Ma come si muove la storia, così si muove il teatro e così i figli, che cercano una loro autonomia espressiva ed emotiva. Ed è singolare che proprio Eduardo Scarpetta, capace di rinnovare la scena napoletana e di essere al passo delle novità – l’acquisto del primo frigorifero, status symbol di cui va orgogliosissimo – non sappia muoversi davvero in sintonia con i tempi e resti fossilizzato sul quel passato che ineluttabilmente sarà costretto a incarnare. Ritrovando idealmente su di un palcoscenico la maschera irrigidita del defunto Pulcinella, che lui ha idealmente soppresso, e che ha il suo stesso volto, anch’esso sul punto di svanire – un simbolo presago della fine è la corona di bronzo di sommo malaugurio regalatagli nientemeno che da Gor’kij.

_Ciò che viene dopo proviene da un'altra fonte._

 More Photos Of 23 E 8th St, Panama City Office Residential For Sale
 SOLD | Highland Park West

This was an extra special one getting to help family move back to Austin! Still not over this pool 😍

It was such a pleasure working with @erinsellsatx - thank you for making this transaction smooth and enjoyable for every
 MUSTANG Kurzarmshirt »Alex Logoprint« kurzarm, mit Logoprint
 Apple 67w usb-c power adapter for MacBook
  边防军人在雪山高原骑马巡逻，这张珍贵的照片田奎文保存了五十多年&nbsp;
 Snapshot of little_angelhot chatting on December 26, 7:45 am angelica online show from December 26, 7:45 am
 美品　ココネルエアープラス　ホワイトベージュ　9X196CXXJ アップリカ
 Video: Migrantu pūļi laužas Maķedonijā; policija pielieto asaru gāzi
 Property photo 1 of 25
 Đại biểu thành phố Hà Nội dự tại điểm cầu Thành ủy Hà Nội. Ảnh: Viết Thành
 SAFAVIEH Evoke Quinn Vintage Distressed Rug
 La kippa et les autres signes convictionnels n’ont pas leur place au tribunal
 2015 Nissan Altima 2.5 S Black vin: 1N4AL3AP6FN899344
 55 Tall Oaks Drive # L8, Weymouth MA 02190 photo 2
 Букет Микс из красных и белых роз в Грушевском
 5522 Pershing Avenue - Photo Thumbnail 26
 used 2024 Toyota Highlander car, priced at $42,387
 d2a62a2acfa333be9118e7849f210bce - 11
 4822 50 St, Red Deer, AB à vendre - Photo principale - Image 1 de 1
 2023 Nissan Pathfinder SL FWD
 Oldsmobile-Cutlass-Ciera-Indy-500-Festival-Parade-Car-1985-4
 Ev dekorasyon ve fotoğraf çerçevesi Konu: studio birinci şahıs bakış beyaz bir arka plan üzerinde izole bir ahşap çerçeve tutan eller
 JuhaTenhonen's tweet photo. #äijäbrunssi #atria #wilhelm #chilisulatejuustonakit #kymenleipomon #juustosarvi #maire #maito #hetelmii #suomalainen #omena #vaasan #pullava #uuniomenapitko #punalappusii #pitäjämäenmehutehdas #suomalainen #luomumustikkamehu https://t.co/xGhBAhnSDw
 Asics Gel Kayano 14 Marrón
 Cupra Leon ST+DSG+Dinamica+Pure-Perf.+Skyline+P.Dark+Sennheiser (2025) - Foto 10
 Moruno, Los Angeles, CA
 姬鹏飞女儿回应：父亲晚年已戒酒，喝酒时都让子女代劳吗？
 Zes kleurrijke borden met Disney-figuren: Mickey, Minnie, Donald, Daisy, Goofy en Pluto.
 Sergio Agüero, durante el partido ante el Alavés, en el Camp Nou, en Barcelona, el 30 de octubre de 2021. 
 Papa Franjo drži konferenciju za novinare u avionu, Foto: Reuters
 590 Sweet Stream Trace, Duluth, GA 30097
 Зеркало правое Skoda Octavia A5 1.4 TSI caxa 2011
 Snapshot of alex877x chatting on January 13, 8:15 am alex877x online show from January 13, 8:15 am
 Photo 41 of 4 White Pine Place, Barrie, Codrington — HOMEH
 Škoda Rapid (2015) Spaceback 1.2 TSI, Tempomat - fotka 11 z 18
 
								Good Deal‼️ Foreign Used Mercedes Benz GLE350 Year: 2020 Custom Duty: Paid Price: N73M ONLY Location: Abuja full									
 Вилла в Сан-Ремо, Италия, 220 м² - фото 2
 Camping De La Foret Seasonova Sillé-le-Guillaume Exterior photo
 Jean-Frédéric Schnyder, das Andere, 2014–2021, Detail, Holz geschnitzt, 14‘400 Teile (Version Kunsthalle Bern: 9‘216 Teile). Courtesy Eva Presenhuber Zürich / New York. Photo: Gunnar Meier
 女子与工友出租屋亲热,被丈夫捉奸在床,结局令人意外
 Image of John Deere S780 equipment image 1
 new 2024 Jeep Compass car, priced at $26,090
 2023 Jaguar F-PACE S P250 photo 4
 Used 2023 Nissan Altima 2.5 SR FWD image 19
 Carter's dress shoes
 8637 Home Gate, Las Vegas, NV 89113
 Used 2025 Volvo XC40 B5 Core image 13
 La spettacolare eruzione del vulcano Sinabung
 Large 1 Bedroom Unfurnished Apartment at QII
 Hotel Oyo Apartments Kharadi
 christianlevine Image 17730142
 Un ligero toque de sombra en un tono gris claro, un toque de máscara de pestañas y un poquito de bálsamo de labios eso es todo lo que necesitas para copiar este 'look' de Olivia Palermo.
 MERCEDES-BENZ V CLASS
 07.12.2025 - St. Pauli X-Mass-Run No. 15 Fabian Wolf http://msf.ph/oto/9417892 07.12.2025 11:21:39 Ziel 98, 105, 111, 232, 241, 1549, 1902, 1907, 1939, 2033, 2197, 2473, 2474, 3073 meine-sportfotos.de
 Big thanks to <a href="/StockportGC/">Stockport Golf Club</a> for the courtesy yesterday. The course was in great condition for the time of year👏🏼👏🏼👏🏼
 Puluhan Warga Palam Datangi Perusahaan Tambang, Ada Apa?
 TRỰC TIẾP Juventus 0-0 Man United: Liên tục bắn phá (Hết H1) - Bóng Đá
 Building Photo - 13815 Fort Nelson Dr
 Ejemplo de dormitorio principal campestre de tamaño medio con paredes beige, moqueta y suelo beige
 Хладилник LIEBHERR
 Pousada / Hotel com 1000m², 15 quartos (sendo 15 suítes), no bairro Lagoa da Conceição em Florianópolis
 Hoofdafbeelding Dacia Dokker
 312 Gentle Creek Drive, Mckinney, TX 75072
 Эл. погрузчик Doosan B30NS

L’unica forma di resistenza al tramonto di Qui Rido Io è demandata alla tellurica energia creativa dell’artista, che lo spinge ad immaginare il sacrilegio massimo della parodia della Figlia di Iorio del vate Gabriele D’Annunzio. Che lui sottopone, dopo Pulcinella, a un altro omicidio simbolico, contro il quale insorge tutta la buona società delle lettere, da Di Giacomo (Roberto De Francesco) a Ferdinando Russo, Roberto Bracco, Libero Bovio, difensori non solo di una certa idea di letteratura, ma della gerarchia e del valore intoccabile dei padri. Padri contro cui Eduardo Scarpetta è sempre insorto. Destinato però, come loro, a impersonare il medesimo ruolo e, come tutti, soccombere. Per questo l’ultima immagine del film è dell’altro Eduardo.